- [EXERCISE]
Omit every picture while repeating the entries exactly.

- [THE DATA]

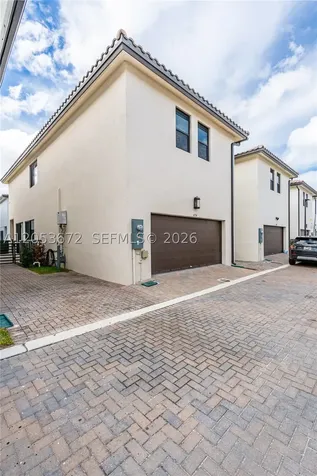 4374 NW 81st Avenue Doral FL 33166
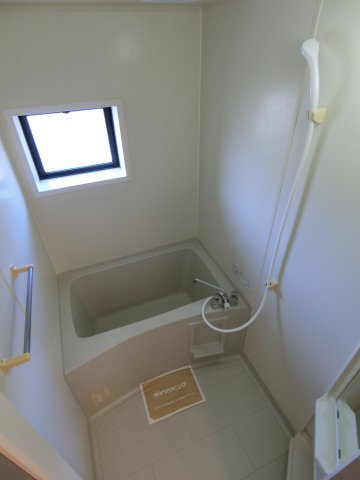 ブラゾーネ　B棟の浴室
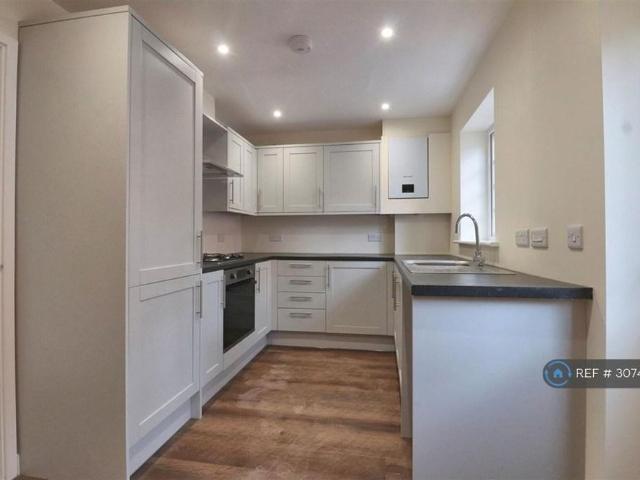 2 bedroom semi detached house to rent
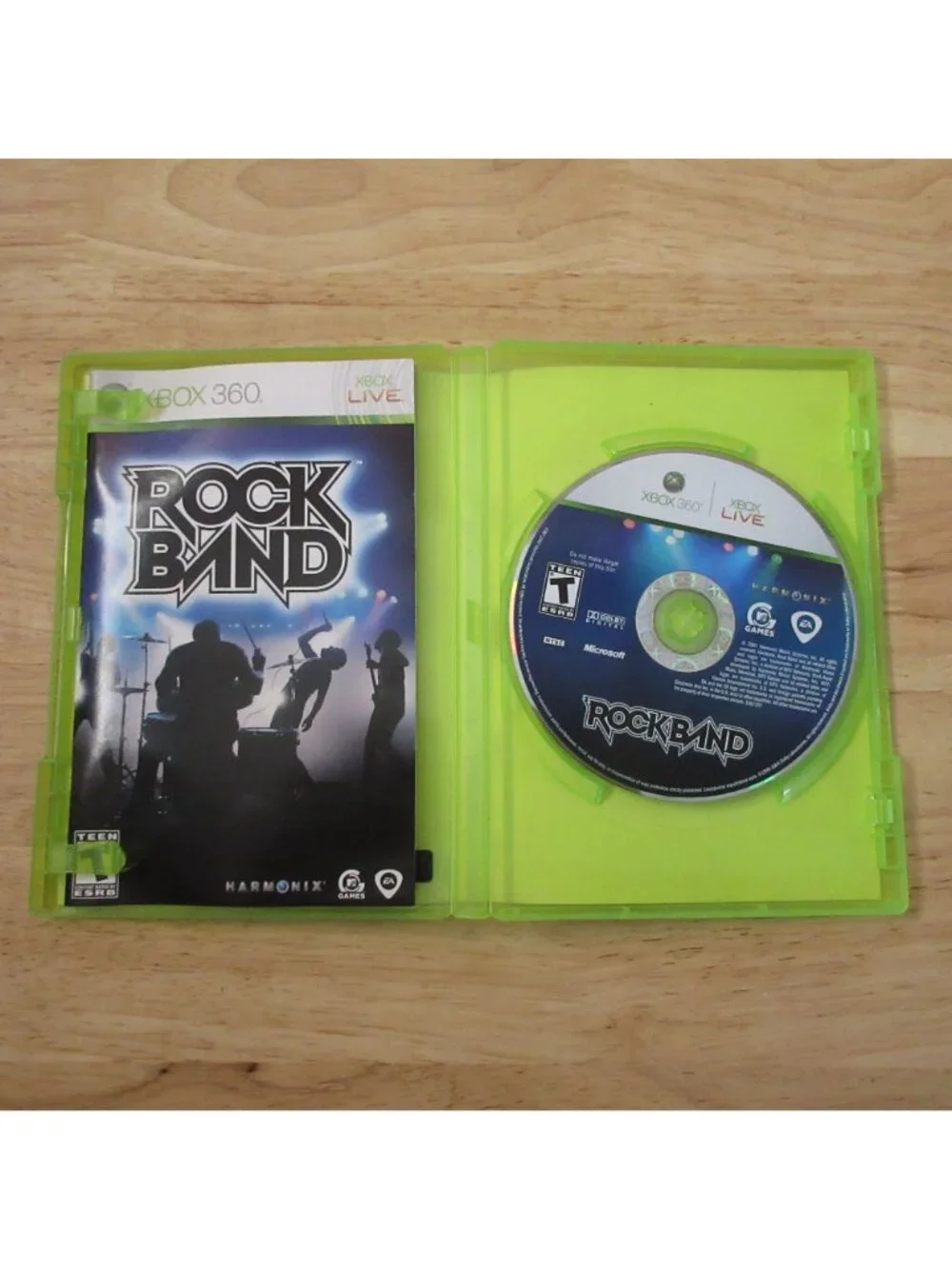 Rock Band (Microsoft Xbox 360, 2007) Complete In Box With Manual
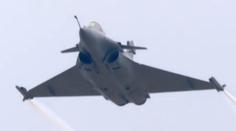 Aerosalón v Paříži: Akrobacie s airbusem a létající auto
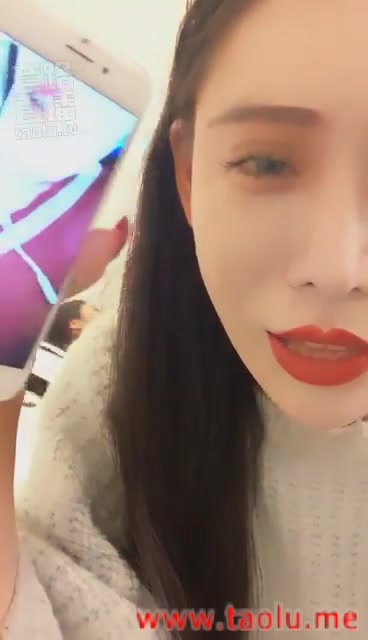 女暴君 网调骚母狗中发小在旁边惊呆 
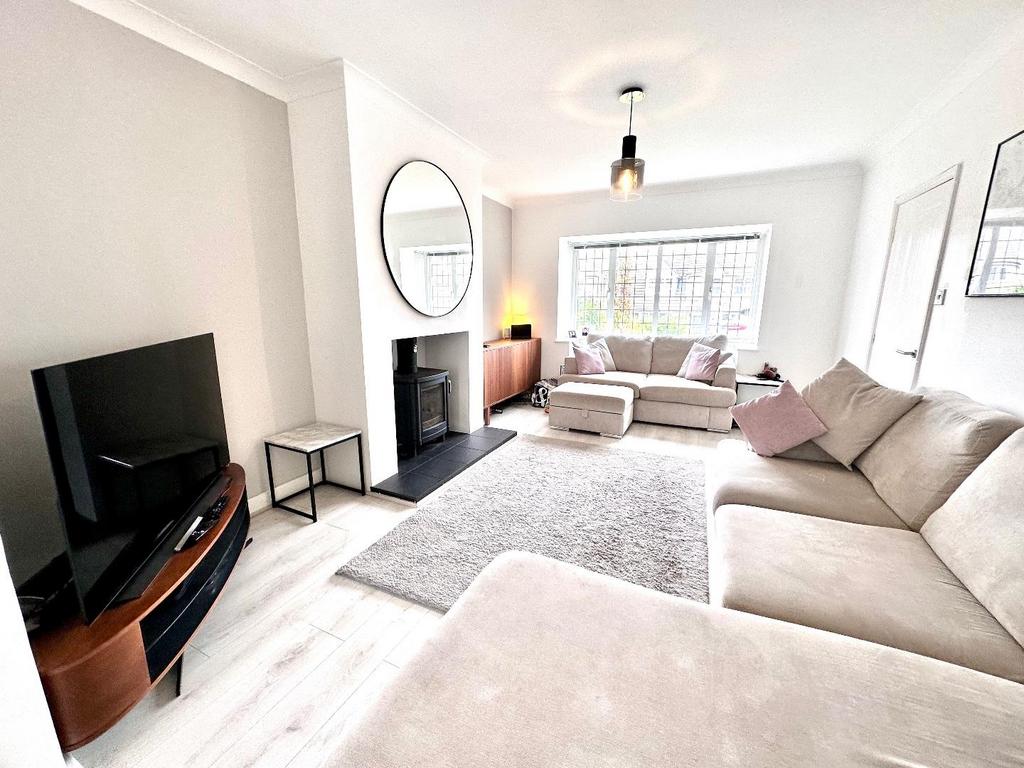 Spacious lounge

- [TASK RESULT]
 4374 NW 81st Avenue Doral FL 33166
 ブラゾーネ　B棟の浴室
 2 bedroom semi detached house to rent
 Rock Band (Microsoft Xbox 360, 2007) Complete In Box With Manual
 Aerosalón v Paříži: Akrobacie s airbusem a létající auto
 女暴君 网调骚母狗中发小在旁边惊呆 
 Spacious lounge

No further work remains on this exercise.